[Start of section]

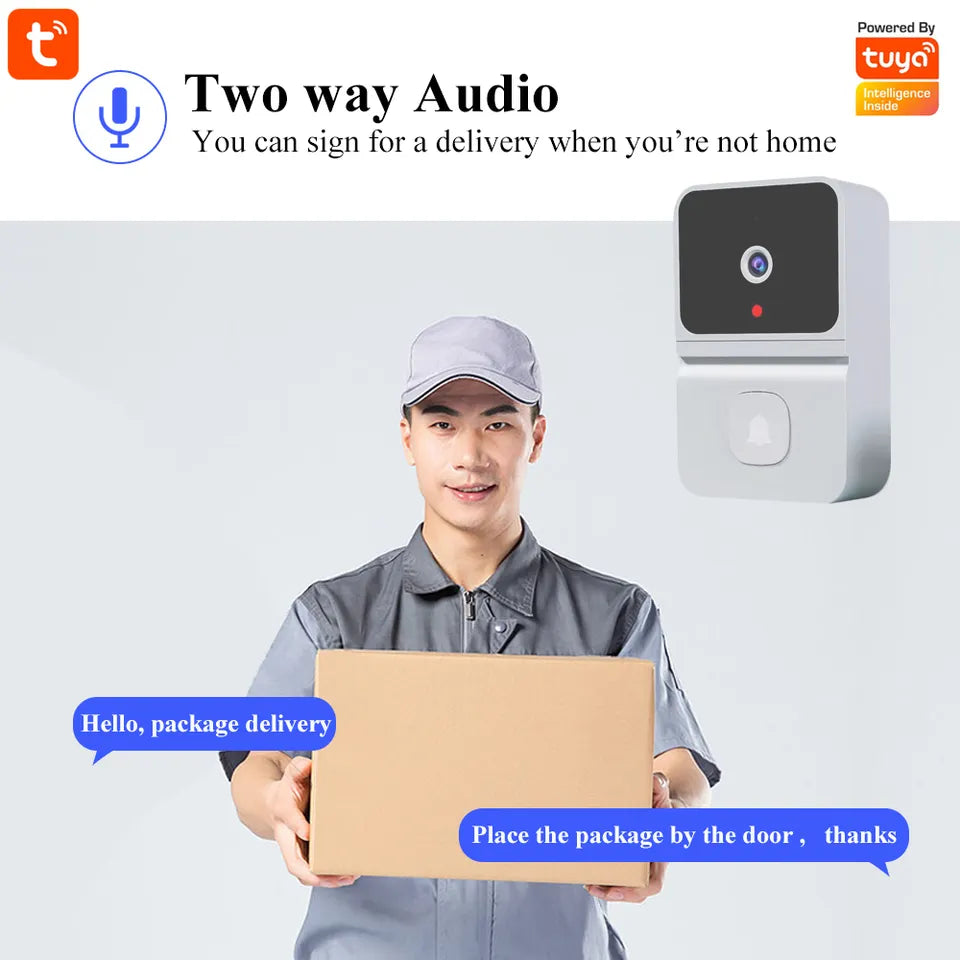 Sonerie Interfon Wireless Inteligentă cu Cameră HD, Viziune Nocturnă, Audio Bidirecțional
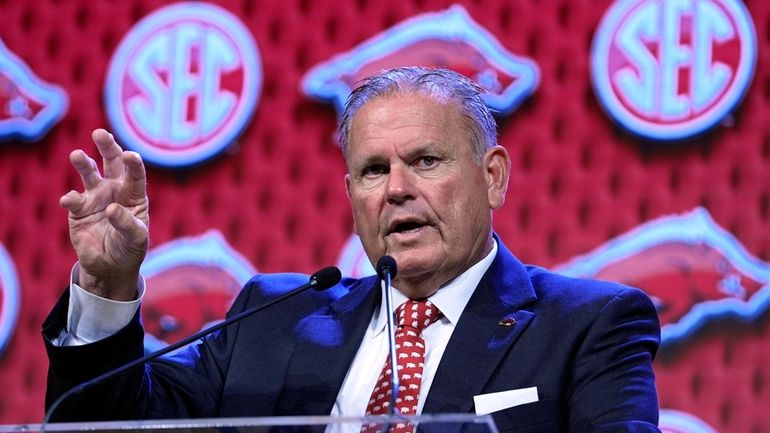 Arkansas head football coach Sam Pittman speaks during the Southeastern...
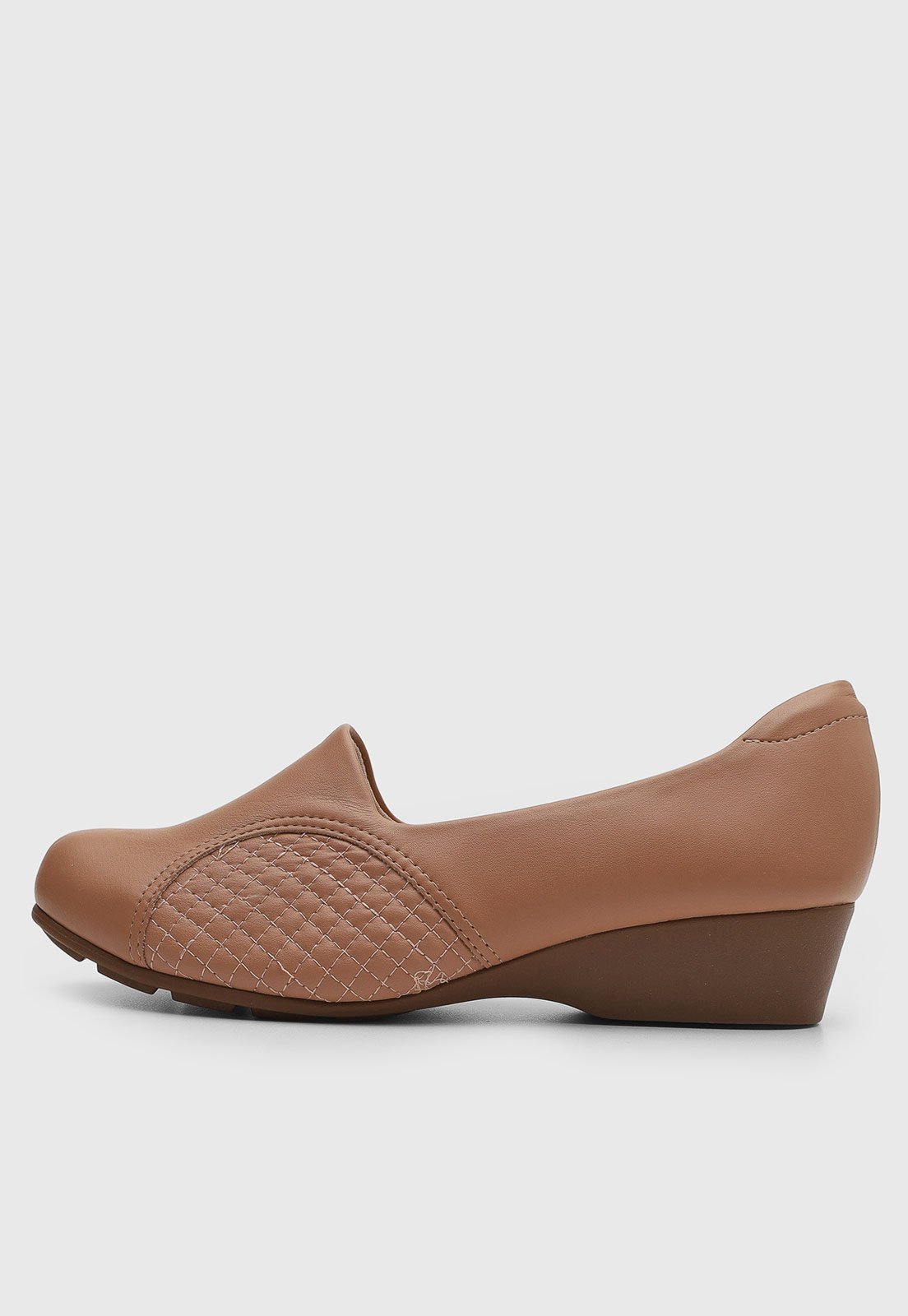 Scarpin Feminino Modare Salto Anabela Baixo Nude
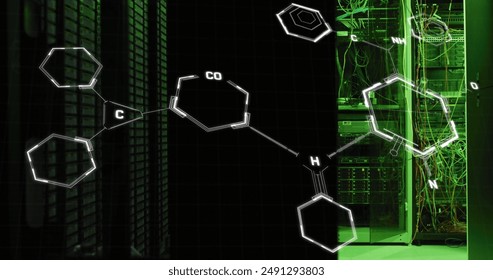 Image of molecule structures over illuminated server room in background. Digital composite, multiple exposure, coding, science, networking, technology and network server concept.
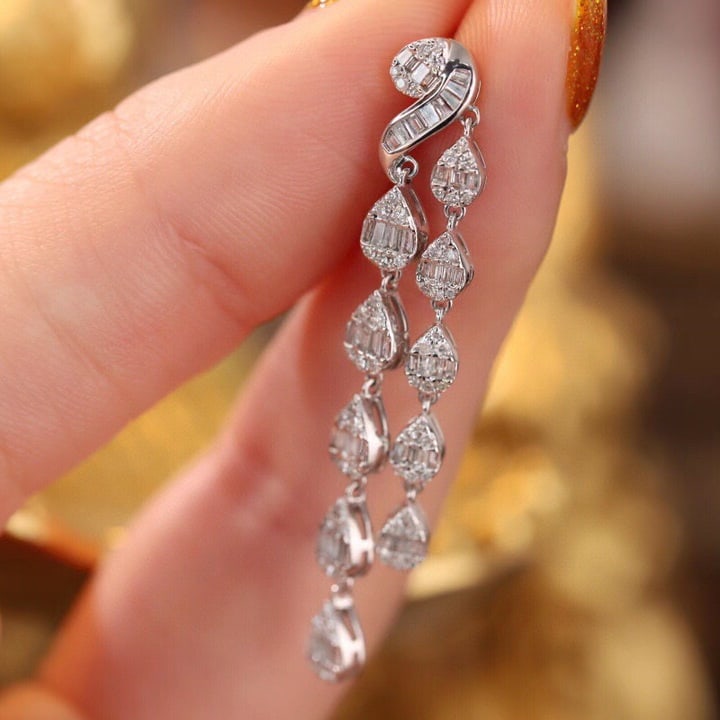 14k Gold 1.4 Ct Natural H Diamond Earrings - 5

[End of section]

WHAT YOU SHOULD DO: Copy exactly, please, every line from the one holding "Image of molecule" through the last line of the data, both ends included, and no pictures.

SOLUTION:
 Image of molecule structures over illuminated server room in background. Digital composite, multiple exposure, coding, science, networking, technology and network server concept.
 14k Gold 1.4 Ct Natural H Diamond Earrings - 5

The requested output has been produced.